■ Exercise description
Copy out exactly, from the entries that follow, the line holding "Cute Bunny Ears", the line holding "New Design Christmas", and all lines between them, but no pictures.

■ Dataset entries
↓

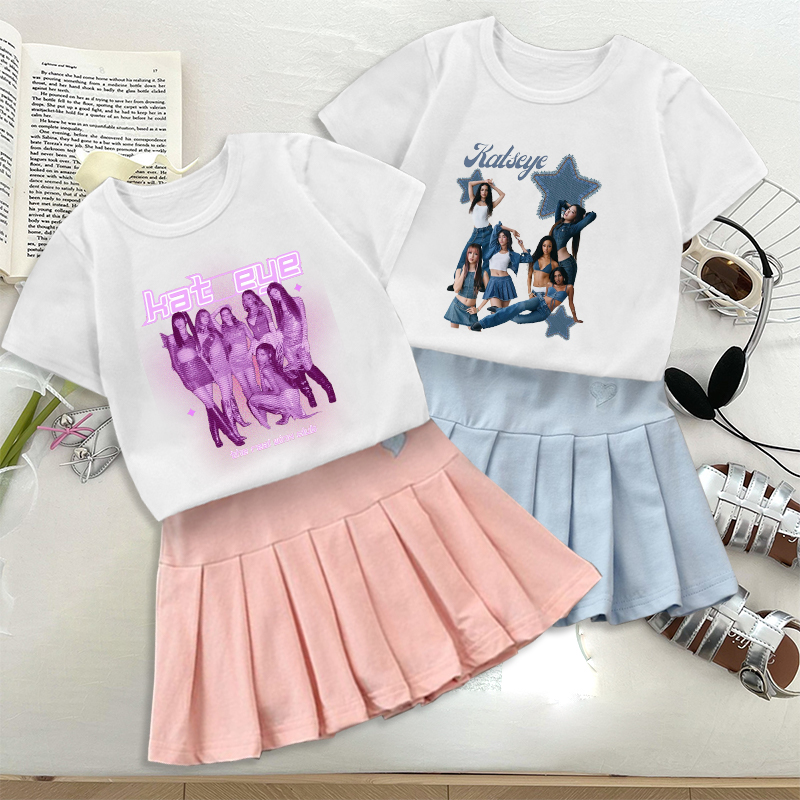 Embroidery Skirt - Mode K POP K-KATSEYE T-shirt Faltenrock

↑
↓

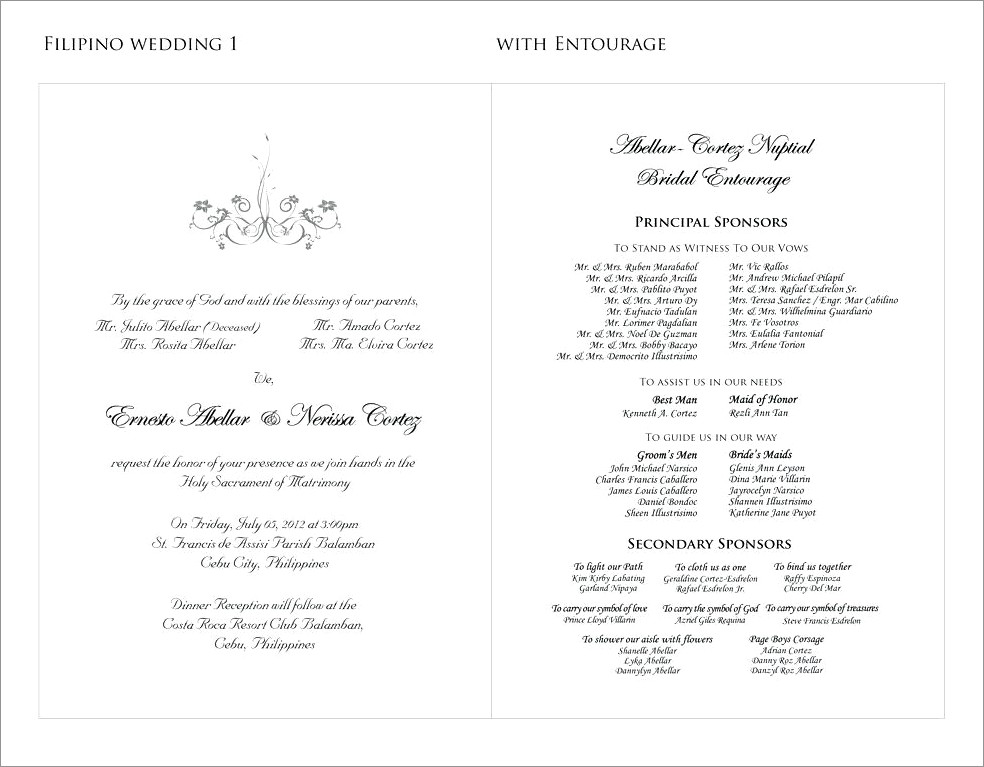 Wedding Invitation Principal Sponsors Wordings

↑
↓

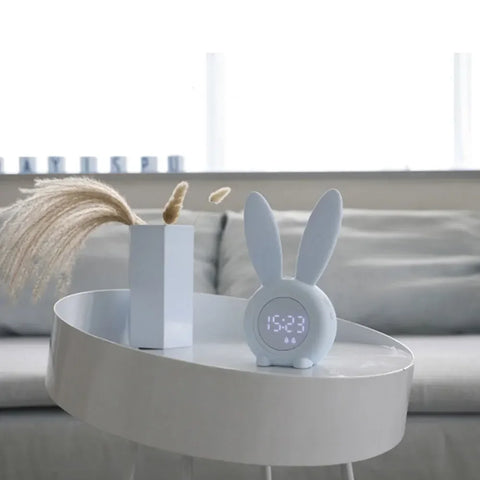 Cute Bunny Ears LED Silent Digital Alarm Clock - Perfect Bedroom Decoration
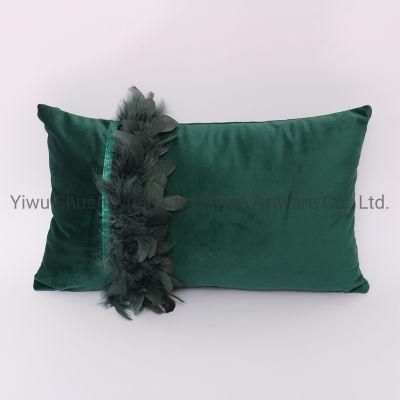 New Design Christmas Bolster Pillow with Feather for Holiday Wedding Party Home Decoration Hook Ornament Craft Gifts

↑

■ Solution to this task
 Cute Bunny Ears LED Silent Digital Alarm Clock - Perfect Bedroom Decoration
 New Design Christmas Bolster Pillow with Feather for Holiday Wedding Party Home Decoration Hook Ornament Craft Gifts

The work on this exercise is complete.